Reputation: 1631
I have a matrix X of size (d,N). In other words, there are N vectors with d dimensions each. For example,
X = [[1,2,3,4],[5,6,7,8]]
there are N=4 vectors of d=2 dimensions.
Also, I have rag array (list of lists). Indices are indexing columns in the X matrix. For example,
I = [ [0,1], [1,2,3] ]
The I[0]=[0,1] indexes columns 0 and 1 in matrix X. Similarly the element I[1] indexes columns 1,2 and 3. Notice that elements of I are lists that are not of the same length!
What I would like to do, is to index the columns in the matrix X using each element in I, sum the vectors and get a vector. Repeat this for each element of I and thus build a new matrix Y. The matrix Y should have as many d-dimensional vectors as there are elements in I array. In my example, the Y matrix will have 2 vectors of 2 dimensions.

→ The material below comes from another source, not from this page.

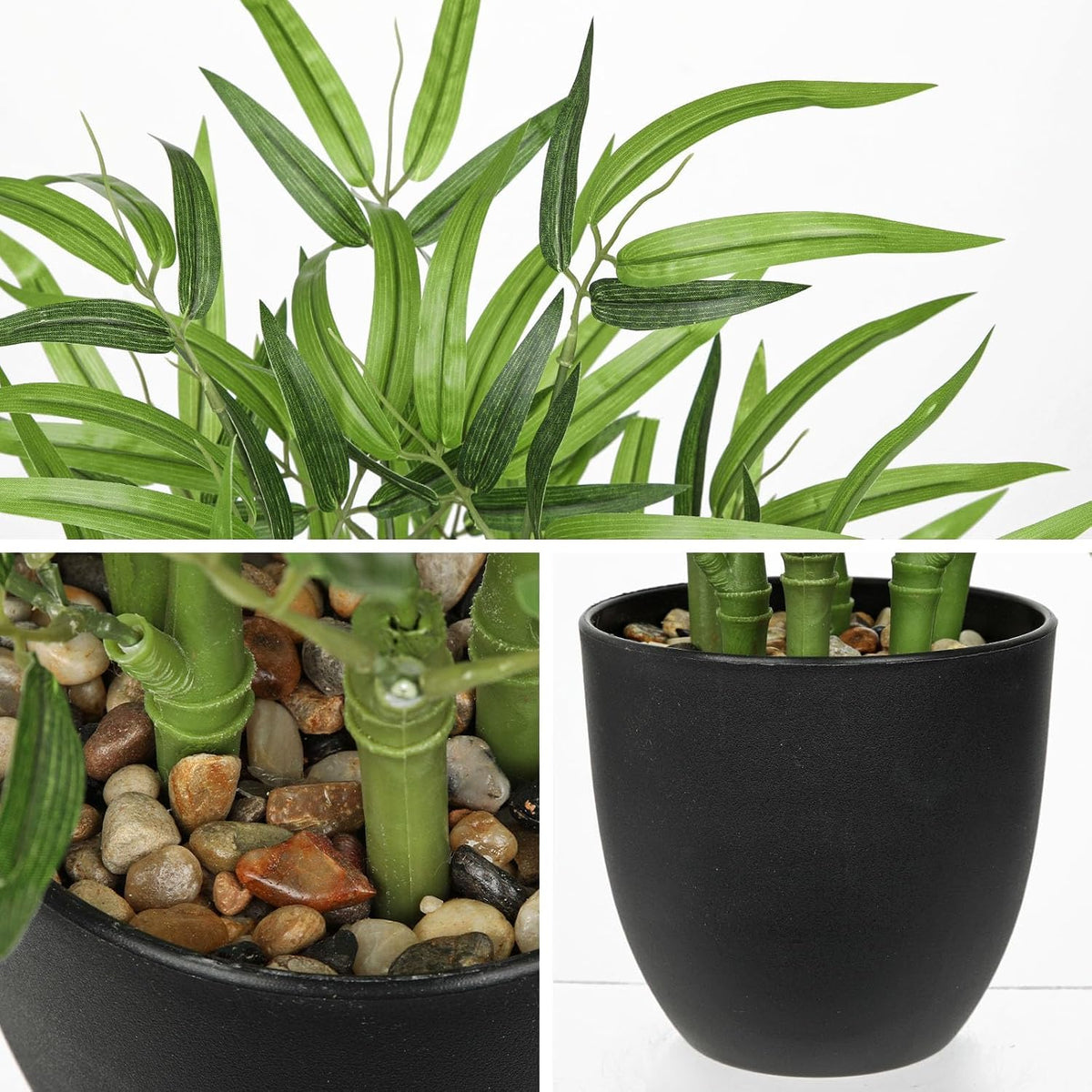 Artificial Lucky Bamboo Plant 17.3 Fake Plant in Rectangular Glass Pot for Centerpiece Table Decorations Farmhouse Wedding Home Greenery Decor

In my example, the element I[0] tells to get columns 0 and 1 from matrix X. Sum the two vectors 2-dimensional vectors of matrix X and put this vector in Y (column 0). Then, element I[1] tells to sum the columns 1,2 and 3 of matrix X and put this new vector in Y (column 1).
I can do this easily using a loop but I would like to vectorize this operation if possible. My matrix X has hundreds of thousands of columns and the I indexing matrix has tens of thousands elements (each element is a short lists of indices).
My loopy code :
Y = np.zeros( (d,len(I)) )
for i,idx in enumerate(I):
Y[:,i] = np.sum( X[:,idx], axis=1 )
Upvotes: 3
Views: 1804
Reputation: 221524
Here's an approach -
# Get a flattened version of indices
idx0 = np.concatenate(I)
# Get indices at which we need to do "intervaled-summation" along axis=1
cut_idx = np.append(0,map(len,I))[:-1].cumsum()
# Finally index into cols of array with flattend indices & perform summation
out = np.add.reduceat(X[:,idx0], cut_idx,axis=1)
Step-by-step run -
In [67]: X
Out[67]:
array([[ 1, 2, 3, 4],
[15, 6, 17, 8]])
In [68]: I
Out[68]: array([[0, 2, 3, 1], [2, 3, 1], [2, 3]], dtype=object)
In [69]: idx0 = np.concatenate(I)
In [70]: idx0 # Flattened indices
Out[70]: array([0, 2, 3, 1, 2, 3, 1, 2, 3])
In [71]: cut_idx = np.append(0,map(len,I))[:-1].cumsum()
In [72]: cut_idx # We need to do addition in intervals limited by these indices
Out[72]: array([0, 4, 7])
In [74]: X[:,idx0] # Select all of the indexed columns
Out[74]:
array([[ 1, 3, 4, 2, 3, 4, 2, 3, 4],
[15, 17, 8, 6, 17, 8, 6, 17, 8]])
In [75]: np.add.reduceat(X[:,idx0], cut_idx,axis=1)
Out[75]:
array([[10, 9, 7],
[46, 31, 25]])
Upvotes: 4